Page:Taxil, Hacks, Le Diable au XIXe siècle, Delhomme et Briguet, 1894, tome 2, partie 2.djvu/115

Le texte de cette page a été corrigé et est conforme au fac-similé.

Par exemple, le Frère Ragon, dans son Cours philosophique et interprétatif des initiations anciennes et modernes, assure que la Croix, qui sert à l’initiation au dix-huitième degré, exprime l’intersection de l’écliptique avec l’équateur, Mais pourquoi ne pas le dire en propres termes ? Pourquoi employer un symbole dont le sens peut donner lieu à une foule d’interprétations, afin d’arriver à énoncer une vérité banale ? N’est-ce pas chercher midi à quatorze heures ?[1]

On nous dit que le langage figuré élève l’âme et sert à la tirer du prosaïsme… Certes, personne ne nie les beautés de la poésie qu’on a appelée le langage des Dieux. Mais son mérite n’existe qu’à la condition d’être clair. Les grands poètes, même quand ils s’élèvent jusqu’au sublime, ne cessent jamais d’être intelligibles. Le poète qui, pour se grandir, affecterait d’être obscur, n’obtiendrait que des sifflets. Il est ridicule et pitoyable de parler par énigmes, quand il est si facile d’exprimer clairement sa pensée. Ce serait imiter Jésus-Christ, qui se vantait de ne parler au peuple que par paraboles afin de n’être pas compris, dans la crainte que ses auditeurs, s’ils parvenaient à le comprendre, ne fussent sauvés (Marc, ch. IV, v. 11). C’est là un mauvais exemple qu’on doit bien se garder de suivre[2].

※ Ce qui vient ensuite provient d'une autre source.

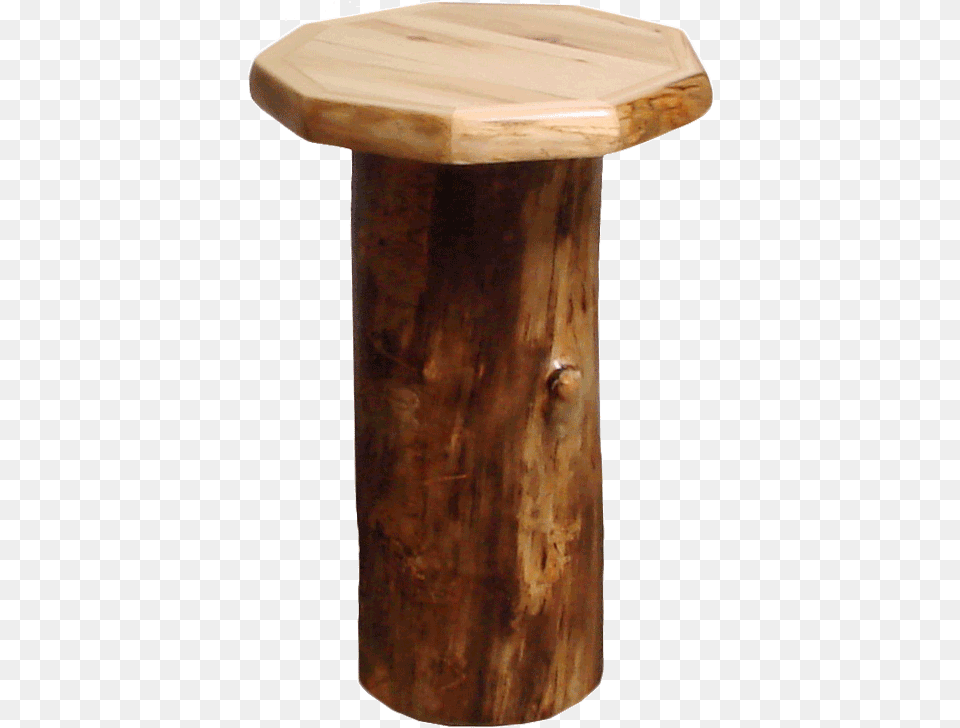 Aspen Log Stump End Table End Table, Plant, Tree, Furniture, Wood Free Transparent Png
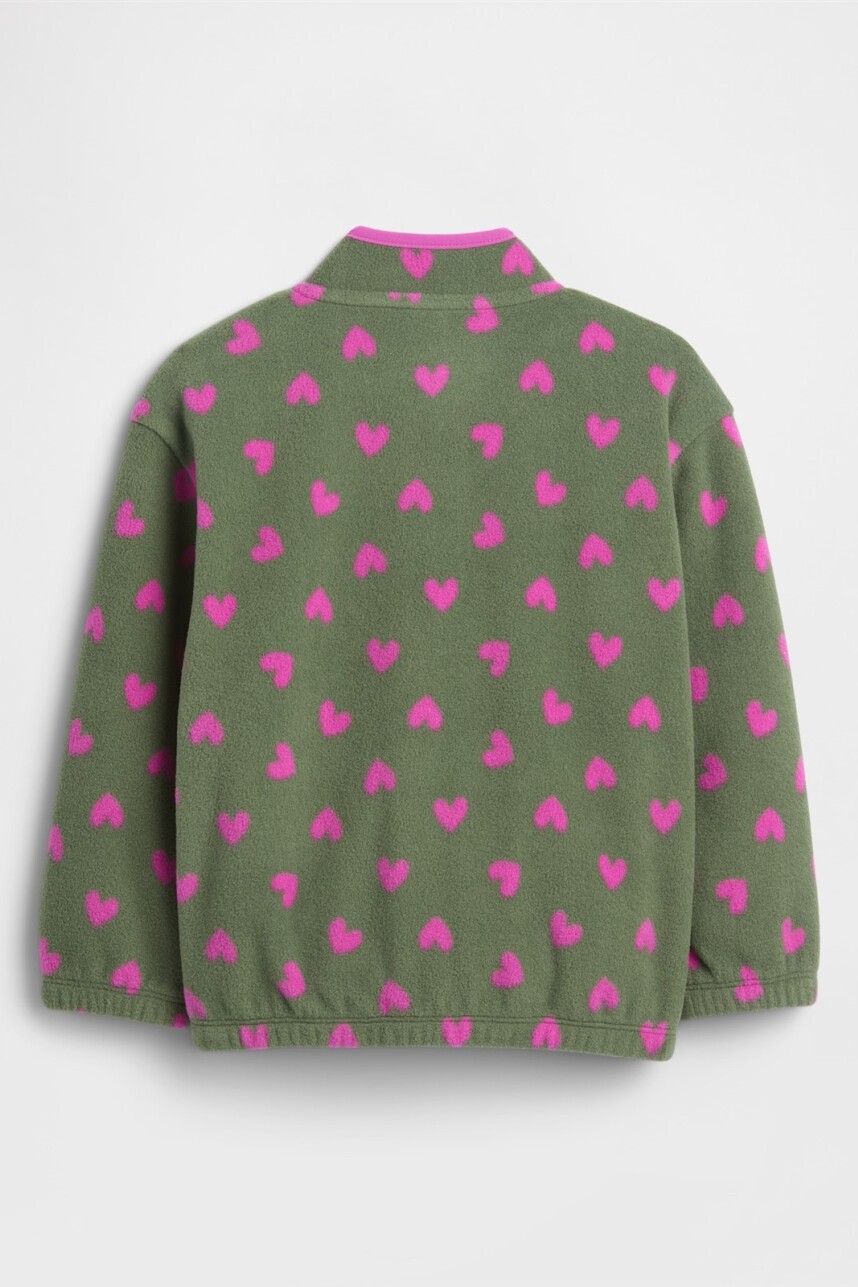 Canguro Con Cierre Polar Toddler Niña Walden Green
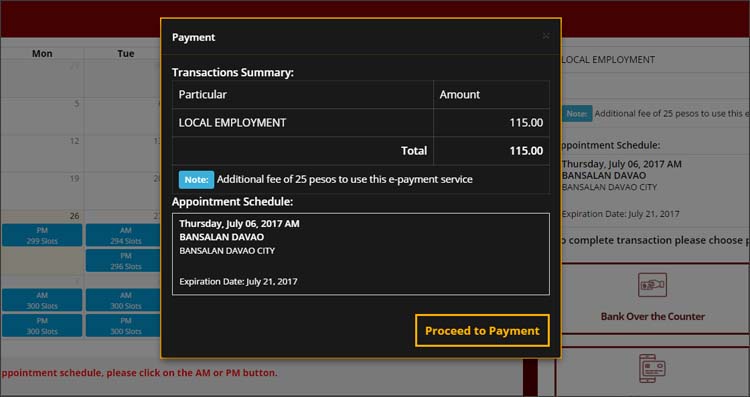 Step 7b - Payment Transaction Summary 2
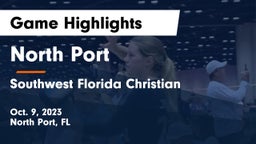 North Port  vs Southwest Florida Christian  Game Highlights - Oct. 9, 2023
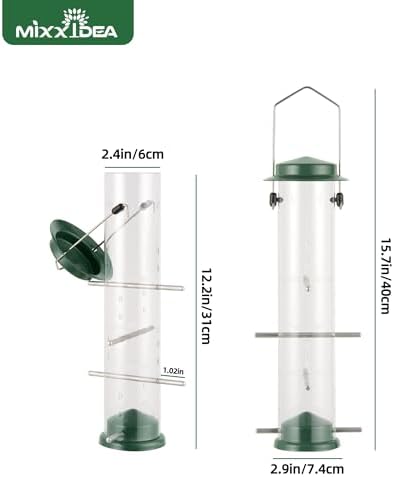 MIXXIDEA Finch Bird Feeder Hanging Metal Thistle Seed Feeder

Le Rituel a eu sa raison d’être sous les régimes despotiques. Mais il n’en est plus de même aujourd’hui. Tout se fait au grand jour, et la diplomatie elle-même est obligée de travailler à ciel ouvert. On nous demande ce qui arriverait si une réaction venait ouvrir une ère d’oppression. Nous répondons que, dans ce cas, le Rituel ne nous garantirait pas des persécutions. On en a eu récemment la preuve ; sous le régime appelé de l’Ordre Moral, plusieurs Loges ont été fermées par la police, et, un peu auparavant, le gouvernement a imposé des Grands-Maitres à l’Association. Les Rituels n’ont donc pu éloigner ces abus de la force. Et d’ailleurs, à quoi servirait à la Maçonnerie la conservation stricte de ses formulaires et traditions ? Tout ce qui se passe dans les Ateliers est aussitôt connu, les Rites décrits dans des Livres mis à la disposition du public. Nos secrets, convenons-en, sont le secret de Polichinelle. Et même s’il arrivait qu’une Loge parvînt à tenir des séances parfaitement secrètes, la police n’a-t-elle pas les moyens d’y pénétrer et de s’en faire rendre compte par ses agents ? C’est ce qui est arrivé à la fin du règne de Louis-Philippe : la Haute-Vente de la Société des Saisons avait dans son sein un traitre qui tenait la police au courant de tout ce qui s’y passait.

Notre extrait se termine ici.